Six Sigma Online

  • Increase font size
  • Default font size
  • Decrease font size
Home Six Sigma Heretic The Omnipotence of Random Sampling Distributions

The Omnipotence of Random Sampling Distributions

E-mail Print PDF

Every answer to statistical problems lies within RSD

As I was teaching class the other day, I told the students I was going to reveal to them the one secret they needed to learn to understand every statistical test they would ever use. The secret was the one thing that would make statistics more of a reasonable science than a bunch of equations to memorize, the one thing they needed to pass my class. (OK, there is a lot more needed to pass the class, but without this one thing doing so is a lot harder.)

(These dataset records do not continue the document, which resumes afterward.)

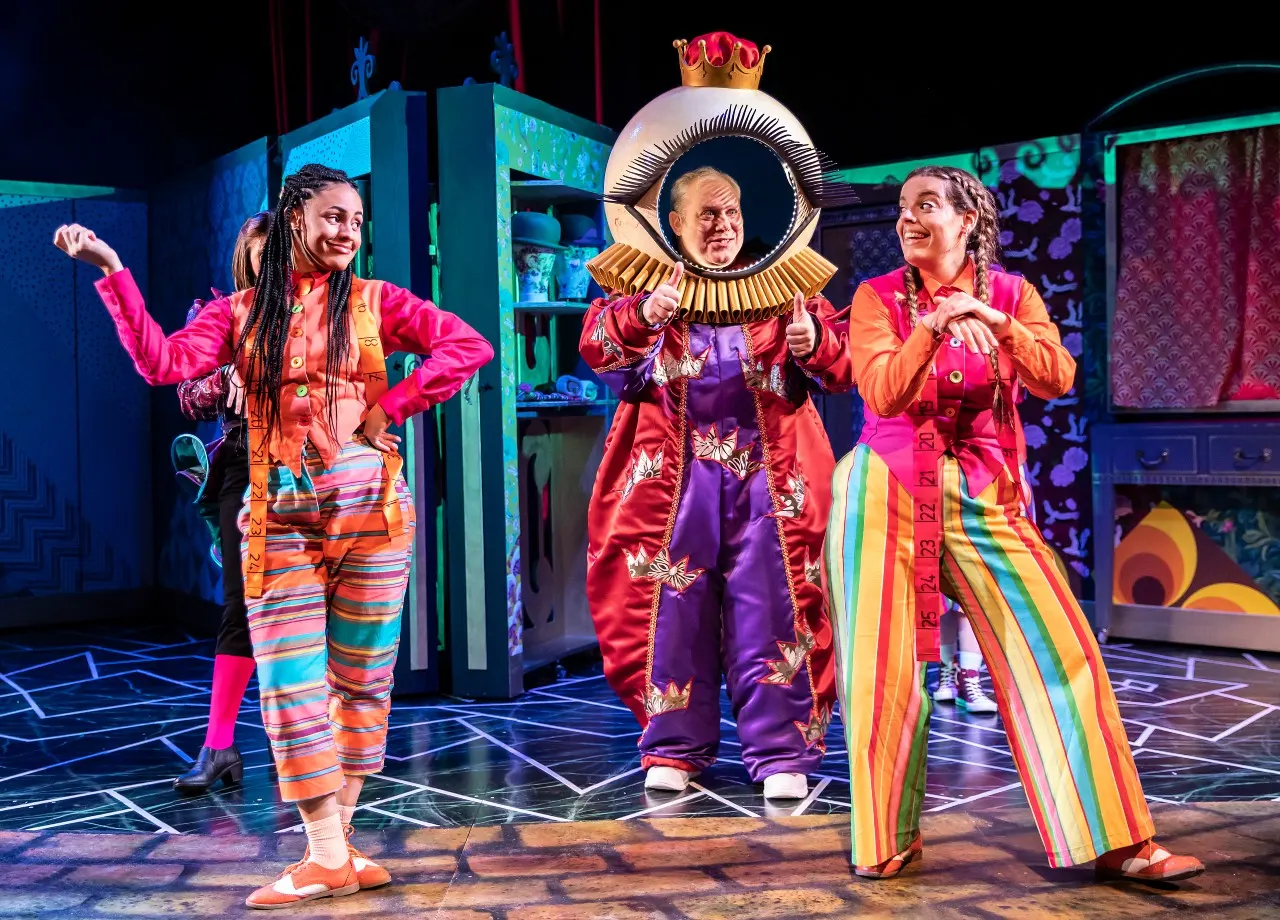 Three performers in colourful costumes perform on a theatre stage with vibrant set design and lighting.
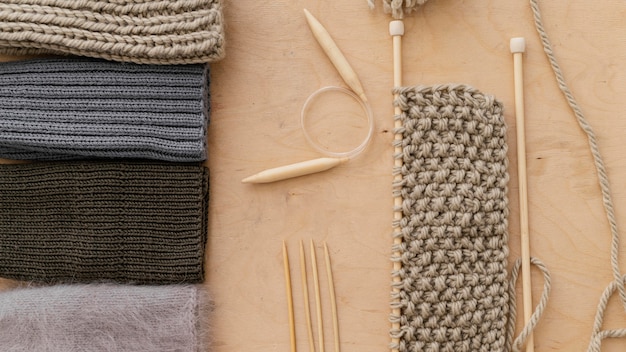 Free photo assortment with knitting tools top view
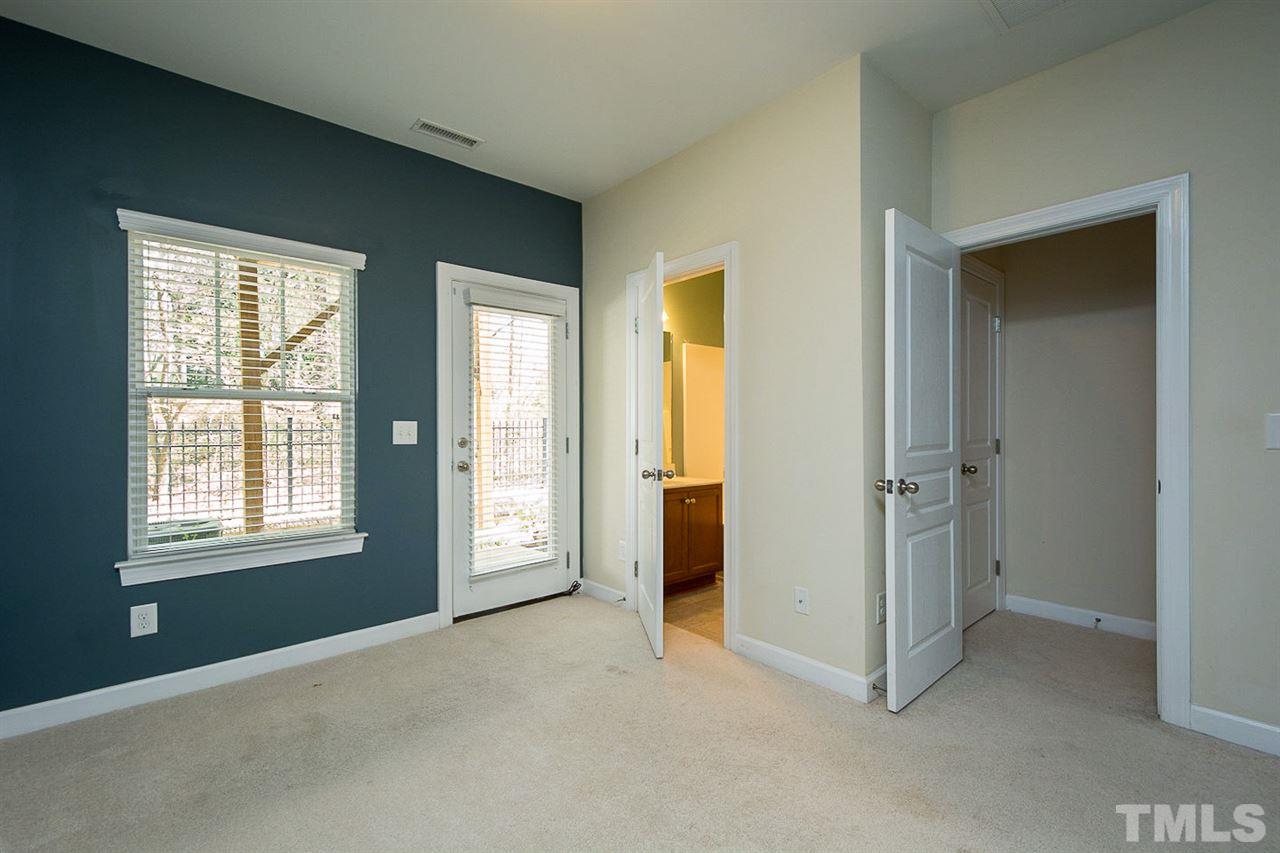 8016 Sycamore Hill Lane Raleigh, NC 27612 - Photo 15 of 19 an empty room with windows and closet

When I was an undergrad taking my probability and statistics course, I was definitely in “memorize equations” mode. I didn’t really understand why sometimes we divided by the square root of n and sometimes we didn’t for the z- or t-score. I got an A in that class, but I really didn’t “get” it.

It wasn’t until years later, as I took a series of classes in experimental design, that I finally understood that the answer to life, the universe, and everything statistical was the random sampling distribution. (What did you think it was going to be?)

For instance, if I have a population about which I want to know something, I usually can’t test it in its entirety—the population might extend into the future, so how am I going to test that? Instead, I work with what I have, a subset of the population called the “research population,” from which I can sample. I sure hope the research population does a good job representing the population, otherwise I lack external validity for any conclusions I make.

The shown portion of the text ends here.